- **INSTRUCTIONS FOR THE TASK**
Having located the line with "MQL5 is included", print it and each remaining line exactly, stopping at the end of the material and omitting pictures.

STORED DATA Start Marker

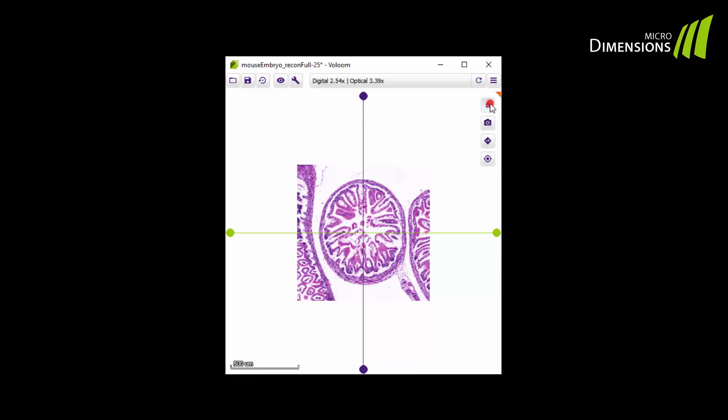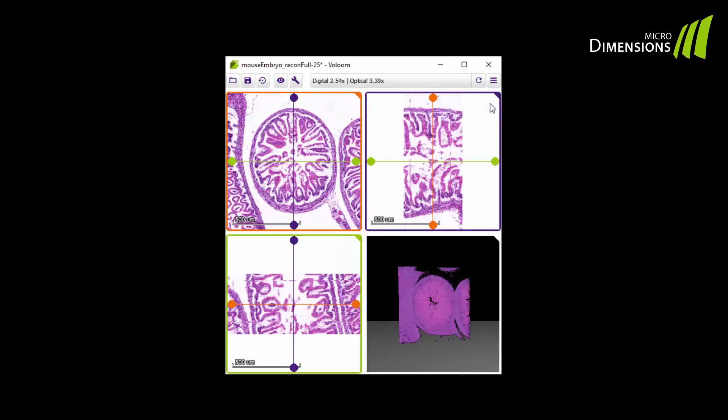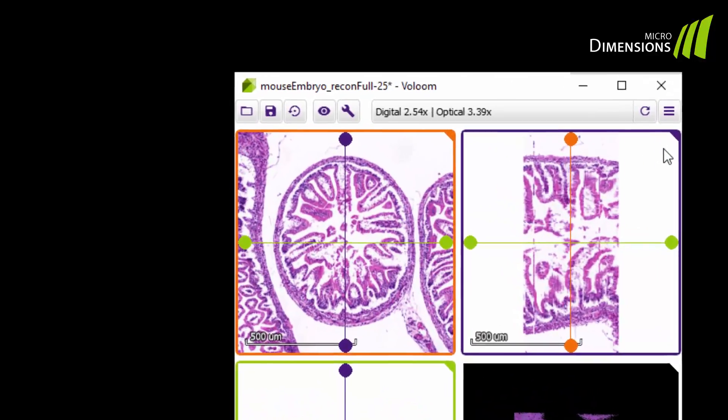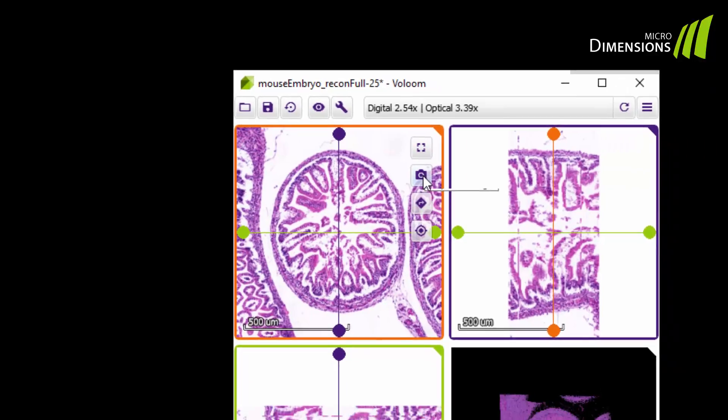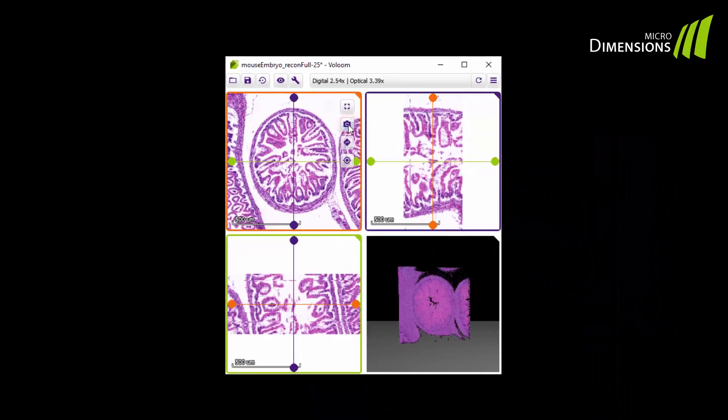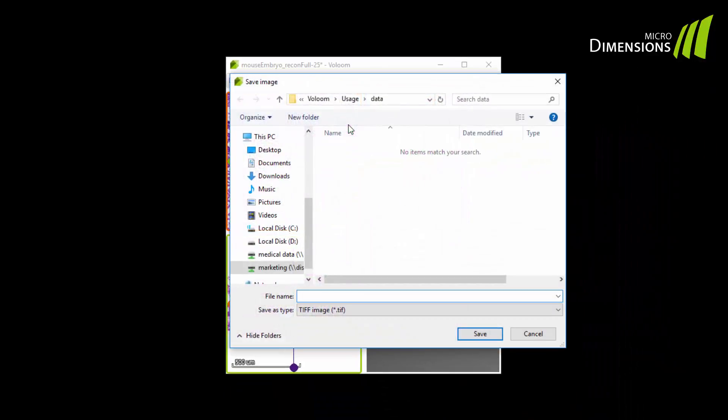You can also take a snapshot of the respective view. After clicking, an explorer window will open and you can save the snapshot at the desired location.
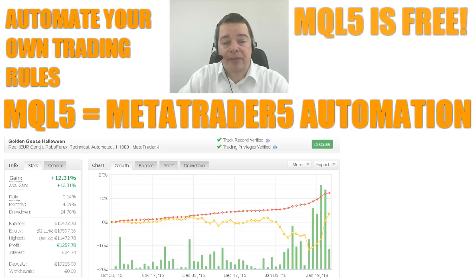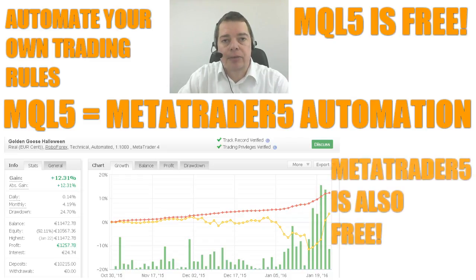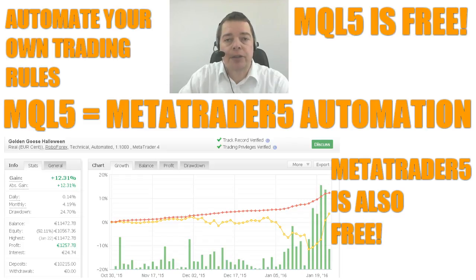MQL5 is included with MetaTrader 5, which comes for free. So you will get MetaTrader 5, the leading trading platform from the market leader, and a complete programming language for free — you don't even have to spend a dollar for the trading environment.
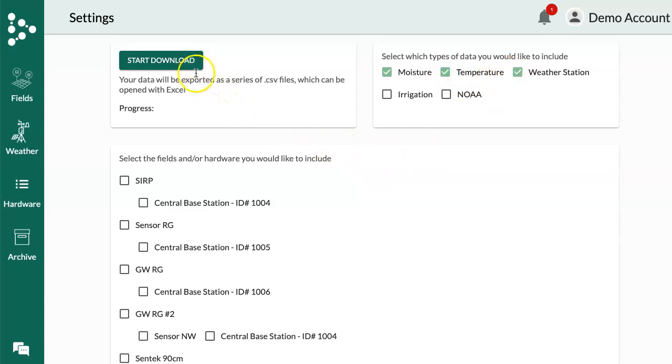I can go ahead and start download, and it will download a CSV file and automatically open that, which I can then manipulate in any way that I need to, but you'll have it on that file.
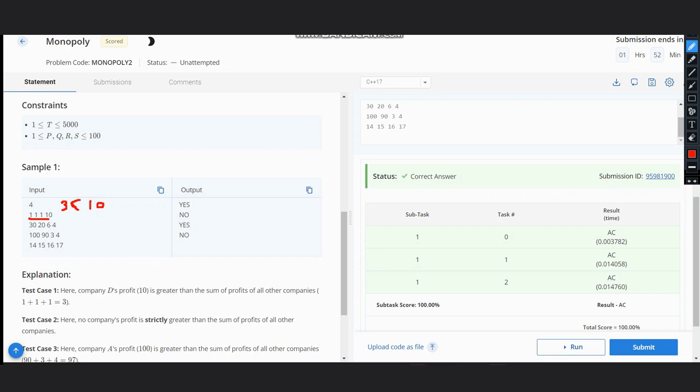In the second test case, we can check 26 plus 4, which would be 30. It is less than or equal to 30, which is not strictly greater.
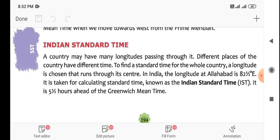Indian Standard Time, IST. A country may have many longitudes passing through it, so different places of the country have different times. To find a standard time for the whole country, a longitude is chosen that runs through its center.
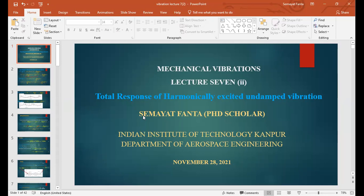Hello, dear friends. This is the continuation of the mechanical vibration lecture, which is all about the total response of harmonically excited and dampened vibration. So we will see some things. We already discussed this, but this is just the continuation of the previous spectrum. So let's see.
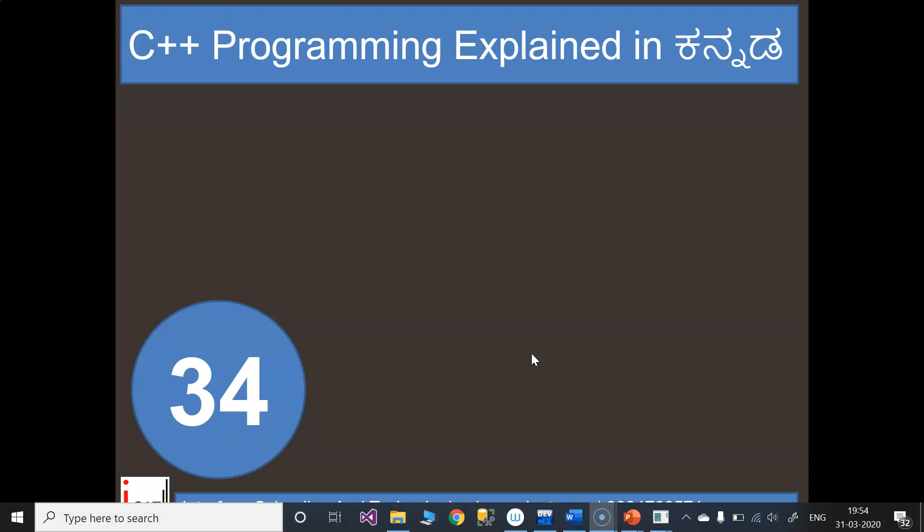Hello all, welcome to iSAT Interface, Cooling and Technologies. My name is Raghu Gurumurthy, Software Developer and IT Trainer. Now we are going to discuss C++ Programming.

STORED DATA End Marker

- **WRITTEN RESPONSE**
MQL5 is included with MetaTrader 5, which comes for free. So you will get MetaTrader 5, the leading trading platform from the market leader, and a complete programming language for free — you don't even have to spend a dollar for the trading environment.
I can go ahead and start download, and it will download a CSV file and automatically open that, which I can then manipulate in any way that I need to, but you'll have it on that file.
In the second test case, we can check 26 plus 4, which would be 30. It is less than or equal to 30, which is not strictly greater.
Indian Standard Time, IST. A country may have many longitudes passing through it, so different places of the country have different times. To find a standard time for the whole country, a longitude is chosen that runs through its center.
Hello, dear friends. This is the continuation of the mechanical vibration lecture, which is all about the total response of harmonically excited and dampened vibration. So we will see some things. We already discussed this, but this is just the continuation of the previous spectrum. So let's see.
Hello all, welcome to iSAT Interface, Cooling and Technologies. My name is Raghu Gurumurthy, Software Developer and IT Trainer. Now we are going to discuss C++ Programming.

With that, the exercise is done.